清涼院流水氏: 昔から変なことを考え続けてきたので、自然にアイデアが浮かぶというのはあるんですが、最近はびっくりさせたりすることにあんまり関心がなくて、それはほかの人にお任せしてもいいなと思っています。僕のやりたいことはだいぶやり尽くしてきたので、さっきお話した様な、ほかの方の作品を紹介したり、あるいは英語力を高めたりするお手伝いをすることの方に現在はワクワクしているんです。だって自分が世紀の傑作を書いたとしても、それは自分の手柄でしかなくて、むなしいんですよ。でも僕に原稿を預けてくださった方の作品を僕が英訳して、それが外国人にすごいって言われたら、僕はその人と手を取り合って喜べると思うんです。それは自分で傑作を書くよりはるかに崇高なことなんですね。僕はそう気付いちゃったんで、もう後戻りはできないですね。
常識を疑い、常識と戦い続ける
――英語に関しては今後の構想はありますか?
清涼院流水氏: 僕はTOEIC満点に挑み続けているんですけど、現在985点で、あと5点なんです。満点を取ったら出す予定の英語学習本が何冊も待機しています。
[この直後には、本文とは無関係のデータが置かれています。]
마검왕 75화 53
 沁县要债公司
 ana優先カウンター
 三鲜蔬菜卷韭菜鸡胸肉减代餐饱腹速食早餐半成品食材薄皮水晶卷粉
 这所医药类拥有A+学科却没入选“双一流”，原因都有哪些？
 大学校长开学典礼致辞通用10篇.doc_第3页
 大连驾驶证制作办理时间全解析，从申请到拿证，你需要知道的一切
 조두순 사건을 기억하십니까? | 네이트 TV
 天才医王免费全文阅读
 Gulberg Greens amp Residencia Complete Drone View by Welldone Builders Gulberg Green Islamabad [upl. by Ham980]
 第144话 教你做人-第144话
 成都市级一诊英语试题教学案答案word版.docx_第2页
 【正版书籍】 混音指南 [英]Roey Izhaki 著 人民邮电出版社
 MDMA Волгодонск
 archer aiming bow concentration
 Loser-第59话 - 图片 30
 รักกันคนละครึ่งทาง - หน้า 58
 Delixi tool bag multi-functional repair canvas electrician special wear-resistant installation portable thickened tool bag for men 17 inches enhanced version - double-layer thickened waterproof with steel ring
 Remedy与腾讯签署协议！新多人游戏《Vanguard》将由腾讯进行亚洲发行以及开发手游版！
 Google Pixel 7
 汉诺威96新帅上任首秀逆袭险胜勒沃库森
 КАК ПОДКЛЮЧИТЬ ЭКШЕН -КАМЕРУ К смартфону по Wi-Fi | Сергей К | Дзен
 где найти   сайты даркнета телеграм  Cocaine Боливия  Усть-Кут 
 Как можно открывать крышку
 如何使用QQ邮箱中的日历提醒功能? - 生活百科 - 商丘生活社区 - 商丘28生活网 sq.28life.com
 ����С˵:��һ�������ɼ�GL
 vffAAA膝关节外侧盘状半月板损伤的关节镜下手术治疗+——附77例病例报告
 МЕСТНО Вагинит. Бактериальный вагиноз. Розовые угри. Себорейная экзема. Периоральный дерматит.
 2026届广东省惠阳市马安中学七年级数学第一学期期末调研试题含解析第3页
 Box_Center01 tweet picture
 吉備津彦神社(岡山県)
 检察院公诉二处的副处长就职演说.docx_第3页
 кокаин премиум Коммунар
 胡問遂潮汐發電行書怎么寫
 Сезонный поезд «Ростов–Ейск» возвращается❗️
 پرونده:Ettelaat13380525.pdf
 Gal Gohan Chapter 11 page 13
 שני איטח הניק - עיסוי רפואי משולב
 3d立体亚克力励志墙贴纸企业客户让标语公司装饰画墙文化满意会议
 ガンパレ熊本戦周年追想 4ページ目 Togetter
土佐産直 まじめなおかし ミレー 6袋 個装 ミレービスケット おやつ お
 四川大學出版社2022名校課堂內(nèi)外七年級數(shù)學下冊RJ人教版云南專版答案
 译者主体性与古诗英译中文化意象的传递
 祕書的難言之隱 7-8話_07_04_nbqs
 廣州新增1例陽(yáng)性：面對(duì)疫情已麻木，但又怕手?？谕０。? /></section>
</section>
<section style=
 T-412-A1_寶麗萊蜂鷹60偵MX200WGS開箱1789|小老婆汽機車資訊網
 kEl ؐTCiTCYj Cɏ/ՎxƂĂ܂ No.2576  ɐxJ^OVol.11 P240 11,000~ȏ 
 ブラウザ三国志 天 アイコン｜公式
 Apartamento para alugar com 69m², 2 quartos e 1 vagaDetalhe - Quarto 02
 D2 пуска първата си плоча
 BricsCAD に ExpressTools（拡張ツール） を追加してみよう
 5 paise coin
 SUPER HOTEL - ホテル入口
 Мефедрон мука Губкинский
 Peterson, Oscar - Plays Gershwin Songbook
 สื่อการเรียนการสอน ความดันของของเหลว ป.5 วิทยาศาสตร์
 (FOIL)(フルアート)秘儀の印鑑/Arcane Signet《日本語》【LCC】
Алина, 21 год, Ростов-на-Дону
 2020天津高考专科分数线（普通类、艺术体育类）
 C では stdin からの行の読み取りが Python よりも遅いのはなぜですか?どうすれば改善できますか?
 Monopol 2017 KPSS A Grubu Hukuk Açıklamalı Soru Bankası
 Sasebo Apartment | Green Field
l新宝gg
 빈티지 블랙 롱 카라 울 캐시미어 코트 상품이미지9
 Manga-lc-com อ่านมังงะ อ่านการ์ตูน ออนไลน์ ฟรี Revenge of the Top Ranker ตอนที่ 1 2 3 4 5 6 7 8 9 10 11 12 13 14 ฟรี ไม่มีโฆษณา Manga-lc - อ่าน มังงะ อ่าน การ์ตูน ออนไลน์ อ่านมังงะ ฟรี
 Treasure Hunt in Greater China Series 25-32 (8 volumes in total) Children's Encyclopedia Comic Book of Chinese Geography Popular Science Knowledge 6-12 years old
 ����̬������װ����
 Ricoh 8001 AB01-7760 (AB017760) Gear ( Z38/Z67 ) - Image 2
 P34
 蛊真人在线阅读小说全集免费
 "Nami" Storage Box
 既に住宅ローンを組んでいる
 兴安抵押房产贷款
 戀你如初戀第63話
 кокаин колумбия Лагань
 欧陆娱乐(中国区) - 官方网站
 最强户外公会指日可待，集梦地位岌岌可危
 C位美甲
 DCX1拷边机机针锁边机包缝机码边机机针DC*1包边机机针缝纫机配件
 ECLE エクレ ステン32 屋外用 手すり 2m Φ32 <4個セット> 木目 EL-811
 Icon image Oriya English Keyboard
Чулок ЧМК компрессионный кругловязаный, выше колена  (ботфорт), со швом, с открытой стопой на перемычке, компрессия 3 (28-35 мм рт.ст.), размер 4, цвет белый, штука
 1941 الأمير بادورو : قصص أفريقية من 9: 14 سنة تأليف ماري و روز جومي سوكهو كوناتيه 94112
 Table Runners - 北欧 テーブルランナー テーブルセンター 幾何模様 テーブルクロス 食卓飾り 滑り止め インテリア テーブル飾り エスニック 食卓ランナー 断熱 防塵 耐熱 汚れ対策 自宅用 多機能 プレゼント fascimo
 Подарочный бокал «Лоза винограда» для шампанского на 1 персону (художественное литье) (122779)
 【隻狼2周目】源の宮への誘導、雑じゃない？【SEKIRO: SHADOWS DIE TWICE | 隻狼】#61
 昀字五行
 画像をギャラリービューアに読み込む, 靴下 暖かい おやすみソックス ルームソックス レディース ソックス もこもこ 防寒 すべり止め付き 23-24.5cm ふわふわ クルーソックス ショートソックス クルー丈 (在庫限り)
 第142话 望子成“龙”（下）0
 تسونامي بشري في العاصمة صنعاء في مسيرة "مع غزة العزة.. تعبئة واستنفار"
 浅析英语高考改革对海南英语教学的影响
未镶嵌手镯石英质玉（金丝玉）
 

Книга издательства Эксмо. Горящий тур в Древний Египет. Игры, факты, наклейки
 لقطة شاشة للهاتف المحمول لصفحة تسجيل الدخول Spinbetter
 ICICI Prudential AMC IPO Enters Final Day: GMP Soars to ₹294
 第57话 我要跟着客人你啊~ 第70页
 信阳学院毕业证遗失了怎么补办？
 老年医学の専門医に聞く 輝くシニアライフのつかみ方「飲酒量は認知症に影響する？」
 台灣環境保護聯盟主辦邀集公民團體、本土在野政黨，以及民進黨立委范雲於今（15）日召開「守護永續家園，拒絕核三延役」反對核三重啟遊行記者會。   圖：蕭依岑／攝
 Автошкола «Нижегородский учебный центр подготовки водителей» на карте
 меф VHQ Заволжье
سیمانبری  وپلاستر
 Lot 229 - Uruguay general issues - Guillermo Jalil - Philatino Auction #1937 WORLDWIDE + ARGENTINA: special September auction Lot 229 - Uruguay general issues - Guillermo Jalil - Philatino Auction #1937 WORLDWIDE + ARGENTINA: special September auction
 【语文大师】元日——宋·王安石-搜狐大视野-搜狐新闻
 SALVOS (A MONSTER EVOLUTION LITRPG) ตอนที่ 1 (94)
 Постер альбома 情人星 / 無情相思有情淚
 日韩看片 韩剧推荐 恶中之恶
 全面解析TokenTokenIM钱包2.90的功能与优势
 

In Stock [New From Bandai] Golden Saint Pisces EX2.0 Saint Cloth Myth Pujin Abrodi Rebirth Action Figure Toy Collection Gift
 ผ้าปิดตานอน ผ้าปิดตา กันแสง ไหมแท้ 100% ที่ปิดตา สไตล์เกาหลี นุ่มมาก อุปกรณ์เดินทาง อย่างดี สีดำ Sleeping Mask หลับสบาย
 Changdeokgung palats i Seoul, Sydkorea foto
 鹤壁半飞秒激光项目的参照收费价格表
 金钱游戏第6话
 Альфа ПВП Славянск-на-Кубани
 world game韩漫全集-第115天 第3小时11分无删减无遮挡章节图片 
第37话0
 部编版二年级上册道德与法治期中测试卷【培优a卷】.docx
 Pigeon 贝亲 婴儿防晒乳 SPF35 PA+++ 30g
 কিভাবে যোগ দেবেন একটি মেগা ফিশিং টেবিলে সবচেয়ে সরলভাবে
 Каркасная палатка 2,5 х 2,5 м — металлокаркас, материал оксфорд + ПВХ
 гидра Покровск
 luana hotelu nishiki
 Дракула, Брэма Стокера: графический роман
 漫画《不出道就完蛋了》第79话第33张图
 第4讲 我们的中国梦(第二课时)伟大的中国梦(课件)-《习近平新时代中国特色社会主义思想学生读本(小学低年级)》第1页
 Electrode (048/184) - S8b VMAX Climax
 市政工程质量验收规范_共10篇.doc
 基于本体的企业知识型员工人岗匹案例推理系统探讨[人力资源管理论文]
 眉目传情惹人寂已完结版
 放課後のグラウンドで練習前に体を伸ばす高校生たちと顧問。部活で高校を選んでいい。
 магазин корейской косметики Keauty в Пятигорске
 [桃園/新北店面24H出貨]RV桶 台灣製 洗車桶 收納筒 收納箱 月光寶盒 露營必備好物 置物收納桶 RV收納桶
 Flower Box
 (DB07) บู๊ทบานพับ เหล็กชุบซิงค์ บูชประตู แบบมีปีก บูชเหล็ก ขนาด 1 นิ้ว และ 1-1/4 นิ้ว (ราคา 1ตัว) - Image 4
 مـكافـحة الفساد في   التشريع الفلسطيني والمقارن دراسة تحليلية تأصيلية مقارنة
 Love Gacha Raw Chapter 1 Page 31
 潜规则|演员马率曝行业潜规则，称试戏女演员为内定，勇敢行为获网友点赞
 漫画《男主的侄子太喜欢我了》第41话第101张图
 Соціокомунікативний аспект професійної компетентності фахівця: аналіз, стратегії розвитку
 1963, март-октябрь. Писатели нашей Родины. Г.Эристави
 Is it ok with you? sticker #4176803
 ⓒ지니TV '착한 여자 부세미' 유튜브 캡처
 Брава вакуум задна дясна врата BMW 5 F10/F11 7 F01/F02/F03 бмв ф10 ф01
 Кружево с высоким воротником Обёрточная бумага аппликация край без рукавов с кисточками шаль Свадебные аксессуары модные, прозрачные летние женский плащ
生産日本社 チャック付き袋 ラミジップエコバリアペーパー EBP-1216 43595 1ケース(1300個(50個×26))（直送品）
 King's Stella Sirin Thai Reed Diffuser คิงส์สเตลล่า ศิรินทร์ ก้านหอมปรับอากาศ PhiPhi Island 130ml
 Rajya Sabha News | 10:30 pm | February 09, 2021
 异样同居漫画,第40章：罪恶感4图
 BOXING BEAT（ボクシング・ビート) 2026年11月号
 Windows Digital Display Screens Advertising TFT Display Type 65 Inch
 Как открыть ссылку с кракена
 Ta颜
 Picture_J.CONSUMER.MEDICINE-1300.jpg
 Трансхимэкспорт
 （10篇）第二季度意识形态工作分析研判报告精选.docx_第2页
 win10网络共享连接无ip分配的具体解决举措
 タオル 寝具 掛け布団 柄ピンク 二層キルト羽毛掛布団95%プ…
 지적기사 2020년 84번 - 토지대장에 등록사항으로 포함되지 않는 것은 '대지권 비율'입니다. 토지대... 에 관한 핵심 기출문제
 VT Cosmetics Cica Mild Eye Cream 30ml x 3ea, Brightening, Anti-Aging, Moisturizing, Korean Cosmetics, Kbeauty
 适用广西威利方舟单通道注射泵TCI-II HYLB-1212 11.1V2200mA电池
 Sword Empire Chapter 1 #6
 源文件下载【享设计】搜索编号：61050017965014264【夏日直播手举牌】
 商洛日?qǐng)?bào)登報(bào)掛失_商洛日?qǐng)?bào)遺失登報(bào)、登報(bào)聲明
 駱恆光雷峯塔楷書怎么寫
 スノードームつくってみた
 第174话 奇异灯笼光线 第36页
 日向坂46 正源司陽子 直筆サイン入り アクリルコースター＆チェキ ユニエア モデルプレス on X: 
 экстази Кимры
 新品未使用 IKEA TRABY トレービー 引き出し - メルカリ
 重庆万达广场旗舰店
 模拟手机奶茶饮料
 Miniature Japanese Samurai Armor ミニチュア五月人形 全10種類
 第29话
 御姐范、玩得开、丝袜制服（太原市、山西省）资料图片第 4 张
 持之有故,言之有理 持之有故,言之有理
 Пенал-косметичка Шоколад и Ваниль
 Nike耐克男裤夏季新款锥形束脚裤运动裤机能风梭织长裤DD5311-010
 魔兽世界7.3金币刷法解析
もう出してもいいのでは、とも言われるんですけど、やっぱり自分の中のけじめとして何としても満点を取ってから出したいんです。満点を達成した瞬間、いろんな企画が怒とうの勢いで、ダムが決壊する様にいきなり流れ出す予定です。
――満点はネイティブの人でも難しいといわれていますね。
清涼院流水氏: TOEIC満点は、最終的には運の要素も大きいんです。言い訳めいて聞こえるかもしれないですけど、本当に極限集中の世界なんですよ。120分で200問解いて、あるパートなんか1問5秒とか20秒とかで何十問も解き続けるんですね。それでノーミスじゃないといけない。何よりも大事なのは試験会場と隣の受験者なんですよ。今年1月に受験した際も、隣の奴が鉛筆を回しまくっててね、それを注意する暇すらないんです。「あの、すいません」と言う間にも自分の受験時間が止まって短縮されるんで。だから隣にハズレの奴が来たら、あきらめて我慢するしかないんですね。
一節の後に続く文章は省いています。